Learning Objectives:

Learn how to work in Jupyter Lab
Learn how to upload and download files to/from the Anvil computing cluster
Read data using R

Make sure to read about, and use the template found here, and the important information about project submissions here.

Dataset(s)

This project will use the following dataset(s):

/anvil/projects/tdm/data/flights/subset/airports.csv
/anvil/projects/tdm/data/olympics/athlete_events.csv

First and foremost, welcome to The Data Mine! We hope that throughout your journey with us, you learn a lot, make new friends, and develop skills that will help you with your future career. Throughout your time with The Data Mine, you will have plenty of resources available should you need help. By coming to weekly seminar, posting on the class Piazza page, and joining Dr. Ward and the TA team’s office hours, you can ensure that you always have the support you need to succeed in this course.

The links to Piazza are:

TDM 10100 Piazza link

TDM 20100 Piazza link

TDM 30100 Piazza link

TDM 40100 Piazza link

Dr Ward is also available on Monday mornings in the Hillenbrand dining court from 8:30 AM to 11:20 AM (Eastern time zone). He is also available on Monday afternoons during 4:30 PM to 5:20 PM on Zoom at https://purdue-edu.zoom.us/my/mdward/

If you did not (yet) set up your 2-factor authentication credentials with Duo, you can set up the credentials here: https://the-examples-book.com/setup If you are still having issues with your ACCESS ID, please send an email containing as much information as possible about your issue to [email protected]

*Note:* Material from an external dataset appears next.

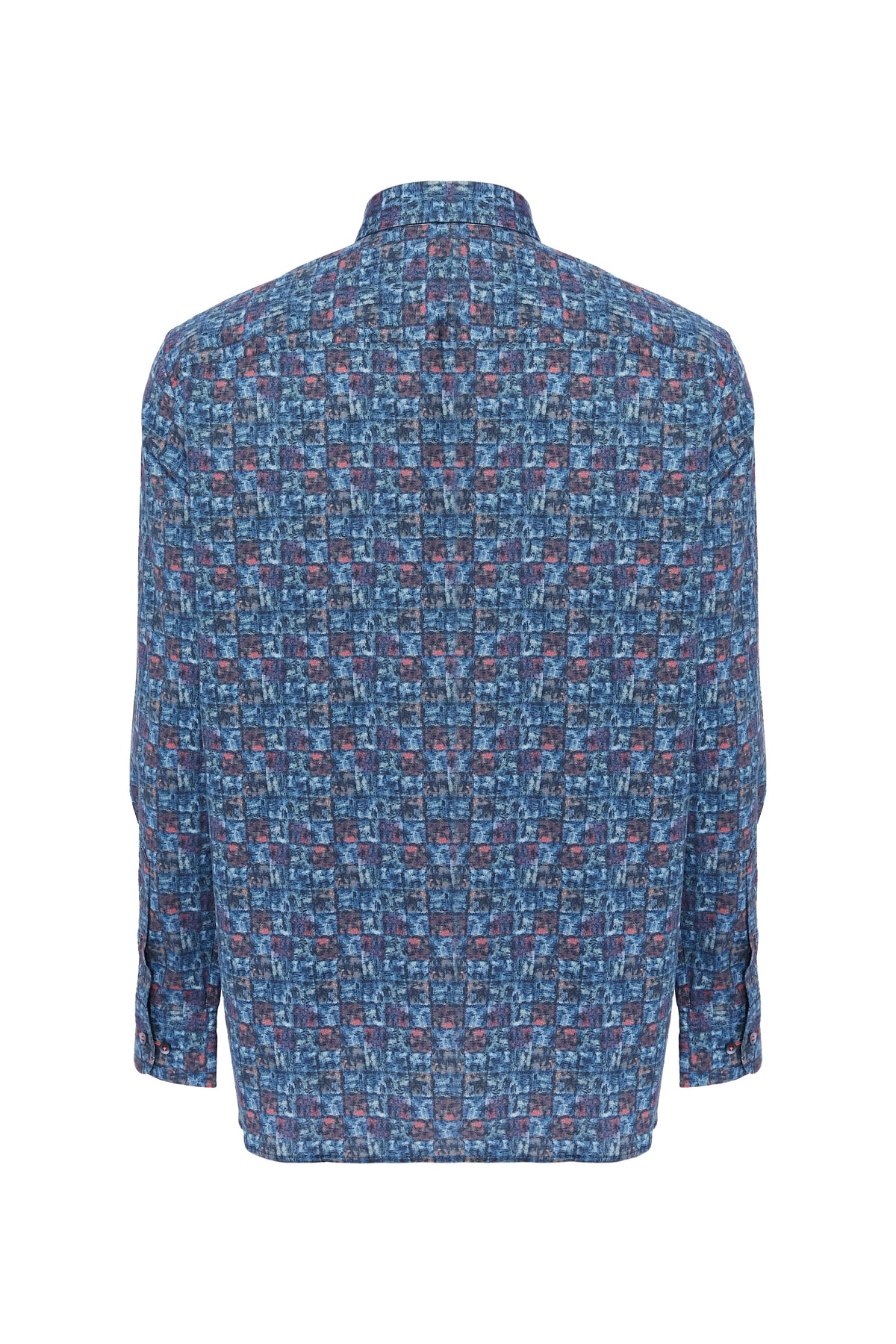 Abstract Squares Print Shirt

Let’s start off by starting up our first Jupyter session on Anvil! We always use the URL https://notebook.anvilcloud.rcac.purdue.edu and the ACCESS username that you were assigned (when you setup your account) and the ACCESS password that you chose. These are NOT the same as your Purdue account! (If you are talking to someone who was in The Data Mine last year, this URL is also new for fall 2025!)

These credentials are not the same as your Purdue account.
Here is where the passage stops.